Karena itu, konflik internal PKB ini tentu saja akan menghadirkan instabilitas politik di tubuh PKB. Bukan tidak mungkin dalam situasi dan kondisi semacam itulah partai-partai lain berusaha mengambil keuntungan secara penuh dalam menghadapi Pemilu 2009 yang sudah di depan pintu, terutama yang mengandalkan perolehan suaranya dari warga nahdliyin.
Keluar Dari Jebakan
Figur besar KH. Abdurrahman Wahid (Gus Dur) memang tetap menempati posisi khusus di tubuh PKB, sehingga parpol ini sangat sulit memperoleh penerimaan publik di luar komunitas basisnya. Hal itu terutama sangat terasa di luar Jawa, yang ikatan-ikatan emosional ke-NU-annya sangat longgar meski tradisi ber-Islam-nya ala NU. Apalagi, kesadaran politik masyarakat kita kian meningkat.
Kemauan PKB untuk menjadi parpol yang berwatak inklusif, demokratis dan egaliter terkesan hanya menjadi wacana yang melangit, dan sulit untuk membumikannya. Penonjolan citra PKB sebagai parpol yang inklusif, populis dan egaliter seakan hanya menjadi komoditas politik untuk menarik simpati publik.
Padahal, sejumlah tokoh penting NU yang selama ini memberi kontribusi kepada PKB dan Gus Dur telah menyatakan keberatan terhadap sikap Gus Dur, terutama dalam meniadakan hak seseorang. Bahkan sikap ini juga disampaikan sejumlah pendiri PKB, seperti Ahmad Bagdja dan kawan-kawan, yang meminta Gus Dur tak lagi campur tangan terlalu jauh di PKB.
Karena itu, PKB harus berani keluar dari jebakan figur”isme”. Artinya, kepemimpinan tradisional yang mengandalkan tipe karisma, yang terlalu bergantung pada Gus Dur, secara bertahap perlu dikurangi.
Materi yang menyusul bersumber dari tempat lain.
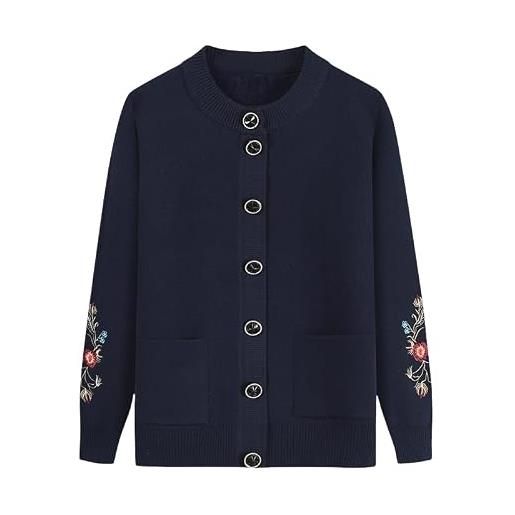 Generico maglione donna, cardigan da vecchia signora per maglioni da donna maglione invernale in pile spesso e caldo per nonna cappotto in cashmere stampato giacca lavorata a maglia per madre anziana di mezza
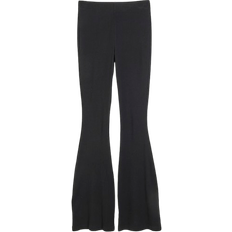 River Island High Waisted Ribbed Flare Leggings - Black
Cairnya tradisi feodalisme, juga dapat memberi peluang pada proses pergerakan menuju parpol yang modern, terbuka, egaliter dan populis.
Penyegaran kepemimpinan di tubuh PKB sangat diperlukan, agar kepemimpinan yang ada dapat bergerak lincah, seimbang dan mampu berkompetisi dengan pemimpin-pemimpin parpol yang lain. Apalagi kini muncul pesaing yang sama-sama menyandarkan pada basis nahdliyin. Jika kepemimpinan PKB masih mengandalkan tipe karisma, bukan mustahil dukungan basis massa yang selama ini diarahkan ke PKB dialihkan ke parpol lain terutama PKNU, karena warga nadhiyin jelas tak mau dijebak atau terjebak oleh parpol yang tak mengedepankan dimensi rasionalitas dalam pengelolaan parpolnya termasuk pengelolaan konflik di tubuh partai. Identitas PKB yang identik dengan Gus Dur hendaknya segera diakhiri. Mungkinkah? Wallahu a’lam bissawab.